§ TASK TO CARRY OUT
In this exercise, the entries below include pictures. Repeat exactly the lines from the line with "竖图,彩色,室外,白天,旅游" to the line with "iLAND Victorian Dollhouse", including both, but without the pictures.
┏━━
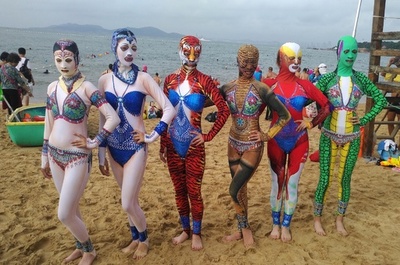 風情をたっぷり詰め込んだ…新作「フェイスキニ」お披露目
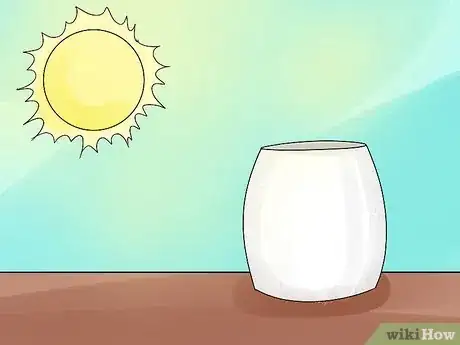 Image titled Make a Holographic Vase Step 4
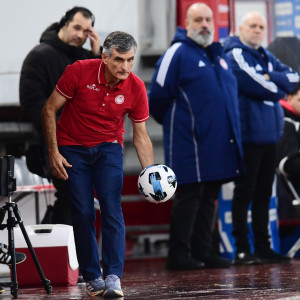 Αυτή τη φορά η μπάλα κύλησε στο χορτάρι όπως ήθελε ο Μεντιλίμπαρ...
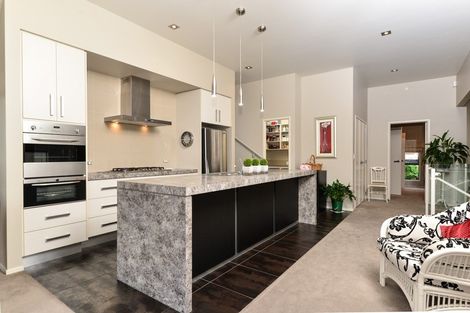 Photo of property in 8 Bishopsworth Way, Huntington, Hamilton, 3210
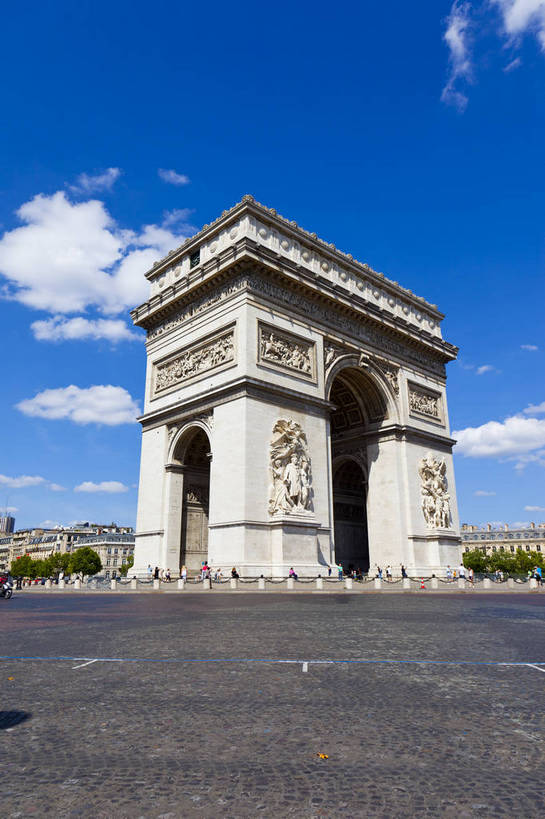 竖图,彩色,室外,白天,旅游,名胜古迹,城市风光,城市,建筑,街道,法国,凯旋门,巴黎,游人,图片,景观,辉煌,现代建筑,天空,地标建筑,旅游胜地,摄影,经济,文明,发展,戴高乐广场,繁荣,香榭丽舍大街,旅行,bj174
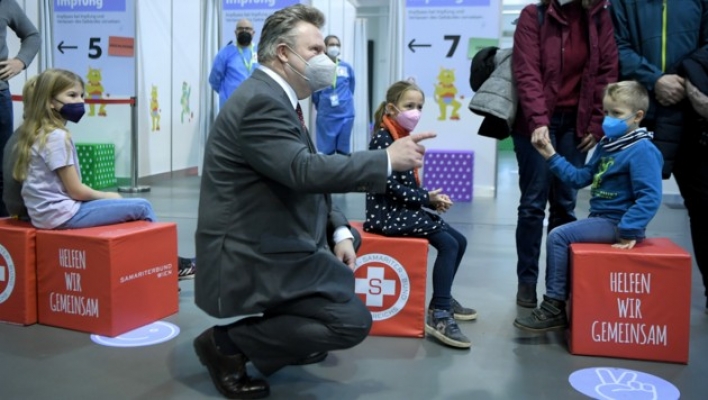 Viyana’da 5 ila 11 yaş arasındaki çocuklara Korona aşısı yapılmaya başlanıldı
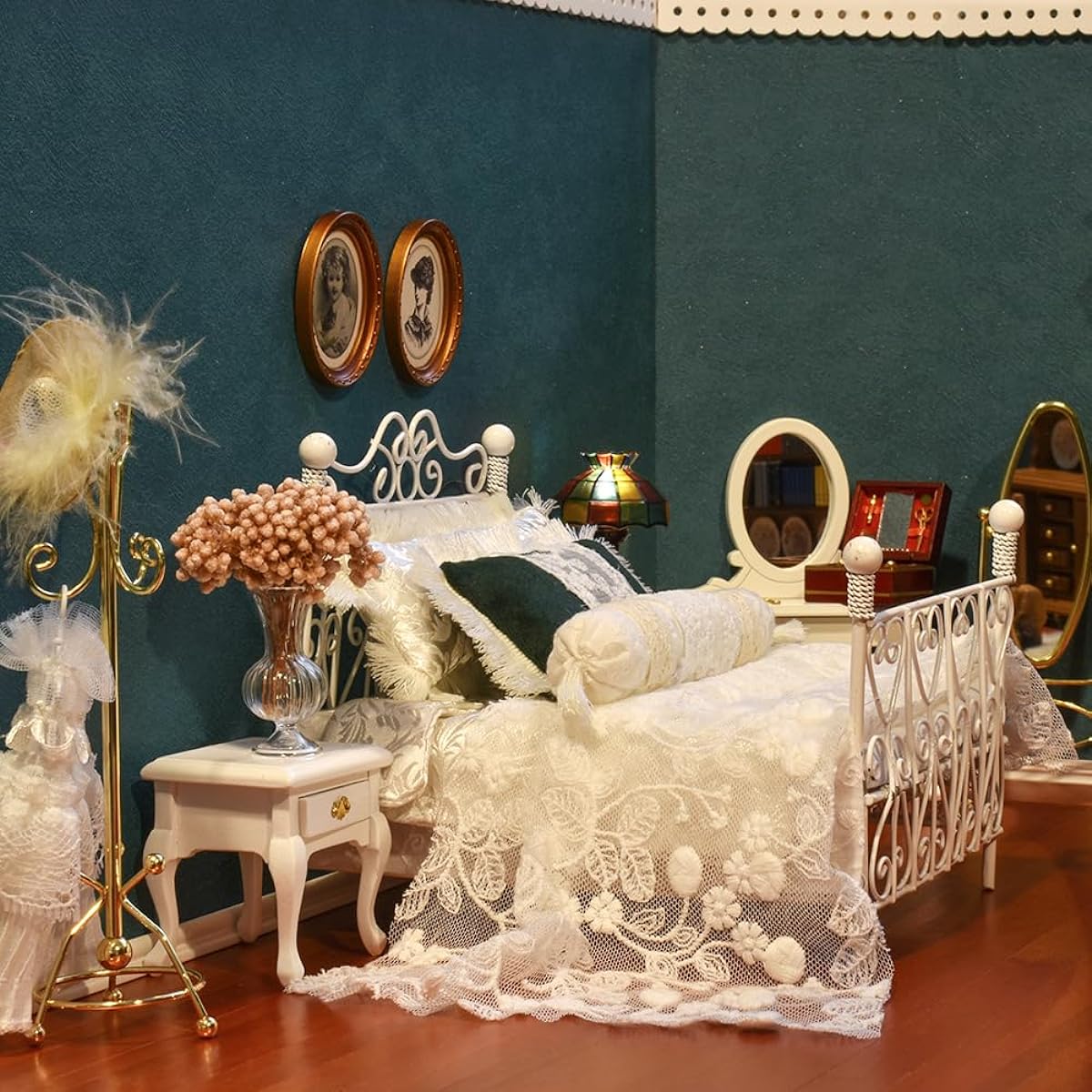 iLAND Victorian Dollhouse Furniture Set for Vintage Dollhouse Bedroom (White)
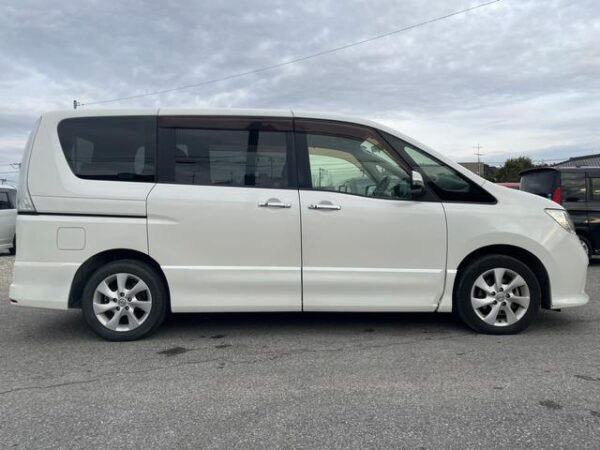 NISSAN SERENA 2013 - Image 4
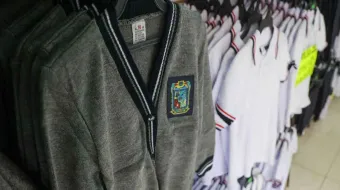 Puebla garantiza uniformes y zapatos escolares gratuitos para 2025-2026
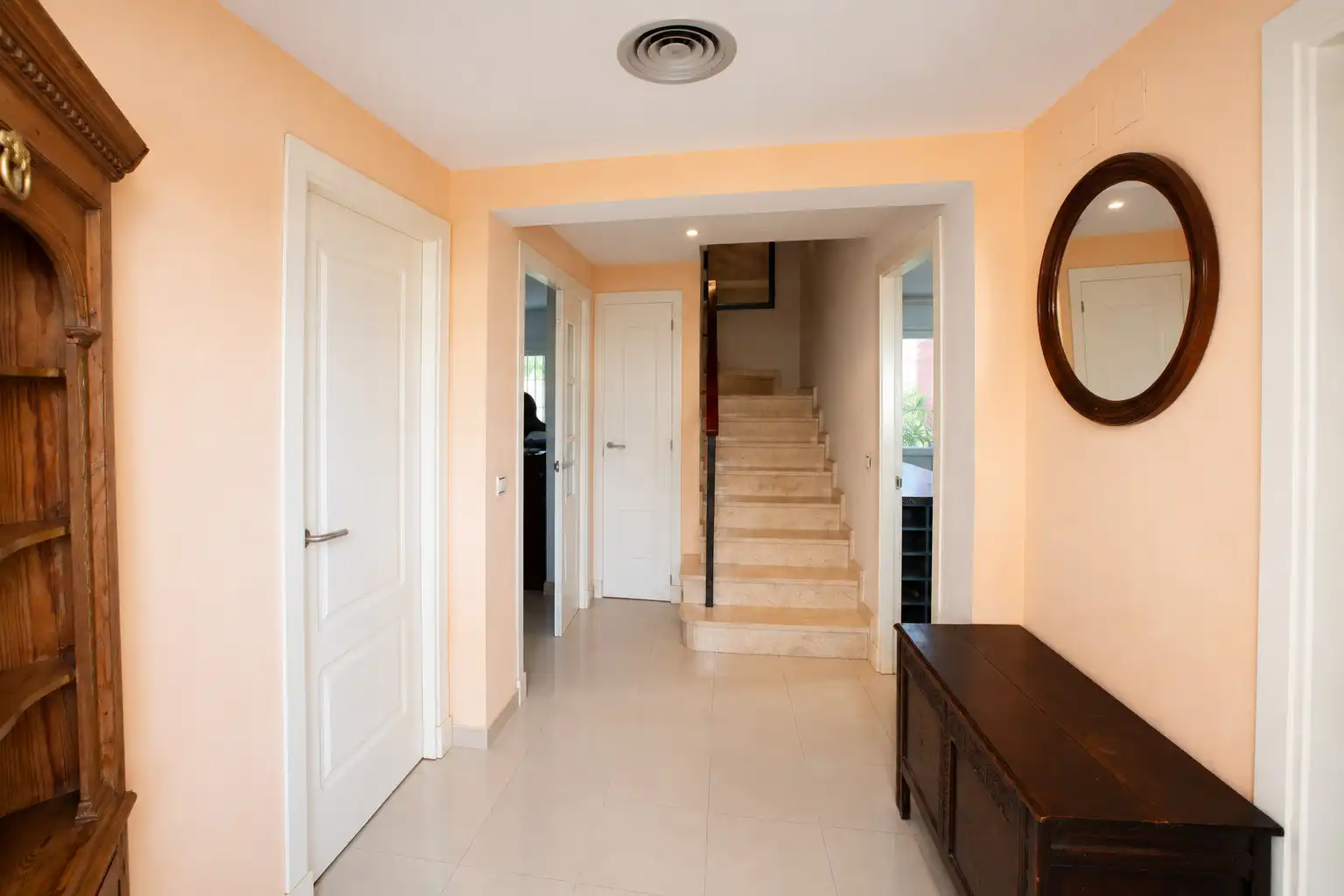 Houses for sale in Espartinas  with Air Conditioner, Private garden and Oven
┗━━
┏━━
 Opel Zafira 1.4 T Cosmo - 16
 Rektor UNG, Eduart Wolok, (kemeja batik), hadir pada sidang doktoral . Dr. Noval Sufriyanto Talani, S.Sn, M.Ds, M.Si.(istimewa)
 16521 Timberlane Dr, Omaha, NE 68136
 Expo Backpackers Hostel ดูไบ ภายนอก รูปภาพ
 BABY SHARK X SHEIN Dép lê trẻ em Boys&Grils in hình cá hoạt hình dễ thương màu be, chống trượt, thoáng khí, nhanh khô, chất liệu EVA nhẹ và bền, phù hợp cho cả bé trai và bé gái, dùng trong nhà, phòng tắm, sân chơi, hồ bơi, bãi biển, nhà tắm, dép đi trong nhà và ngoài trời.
┗━━
┏━━
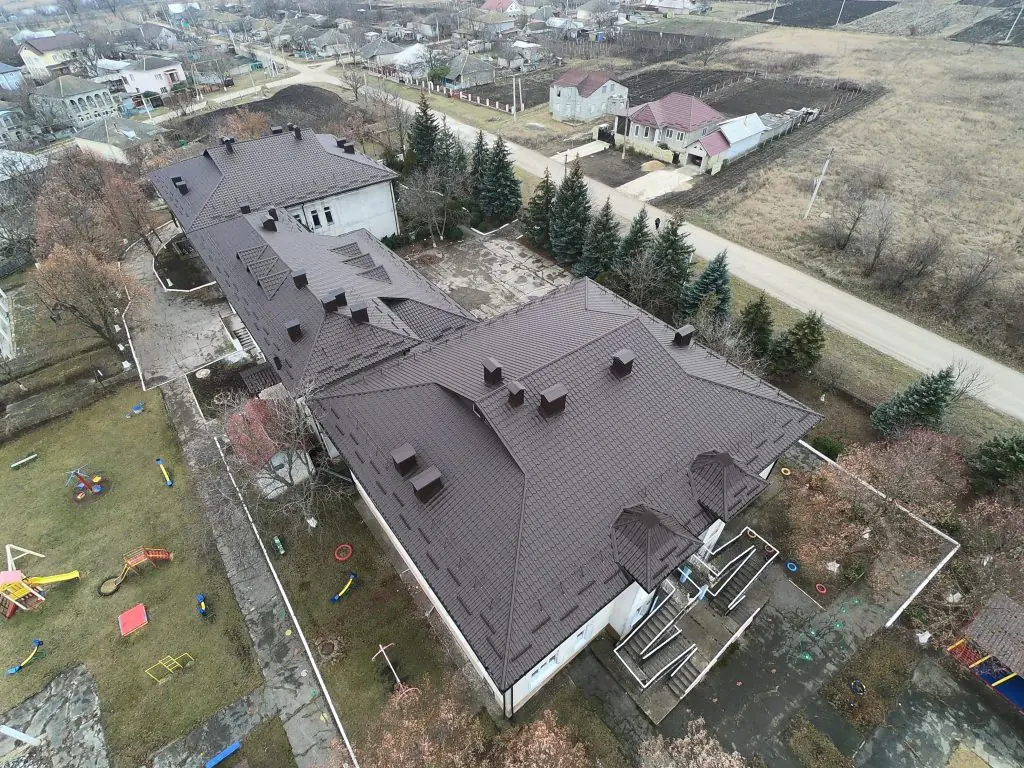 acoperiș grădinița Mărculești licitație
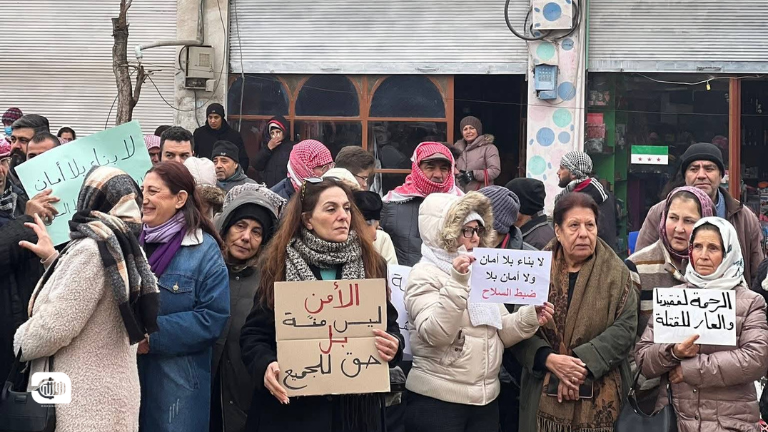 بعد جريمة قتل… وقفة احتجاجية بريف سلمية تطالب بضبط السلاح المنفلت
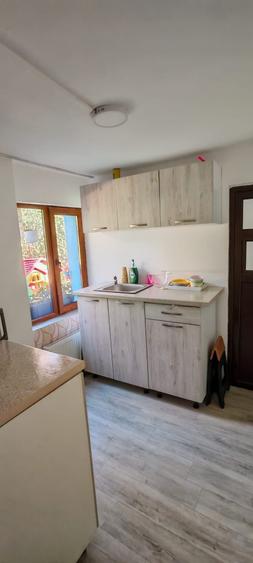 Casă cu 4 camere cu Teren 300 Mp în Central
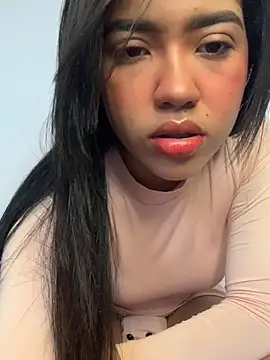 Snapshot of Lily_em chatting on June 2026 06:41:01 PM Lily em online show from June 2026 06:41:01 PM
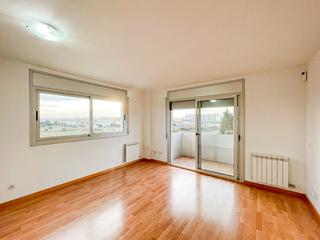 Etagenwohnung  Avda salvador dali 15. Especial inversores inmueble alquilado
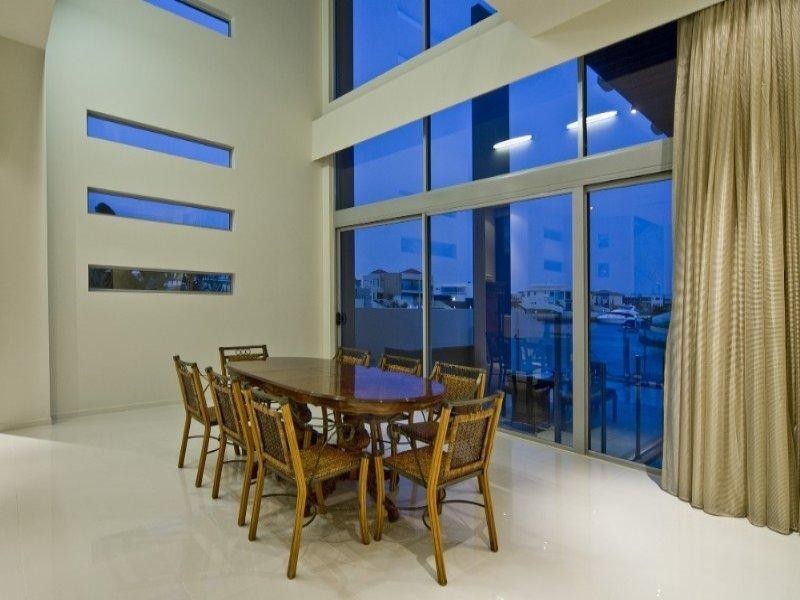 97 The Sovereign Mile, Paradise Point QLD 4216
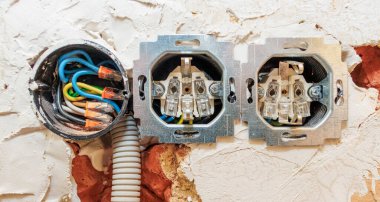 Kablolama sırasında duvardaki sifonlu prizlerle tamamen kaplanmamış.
┗━━
§ EXERCISE OUTPUT
 竖图,彩色,室外,白天,旅游,名胜古迹,城市风光,城市,建筑,街道,法国,凯旋门,巴黎,游人,图片,景观,辉煌,现代建筑,天空,地标建筑,旅游胜地,摄影,经济,文明,发展,戴高乐广场,繁荣,香榭丽舍大街,旅行,bj174
 Viyana’da 5 ila 11 yaş arasındaki çocuklara Korona aşısı yapılmaya başlanıldı
 iLAND Victorian Dollhouse Furniture Set for Vintage Dollhouse Bedroom (White)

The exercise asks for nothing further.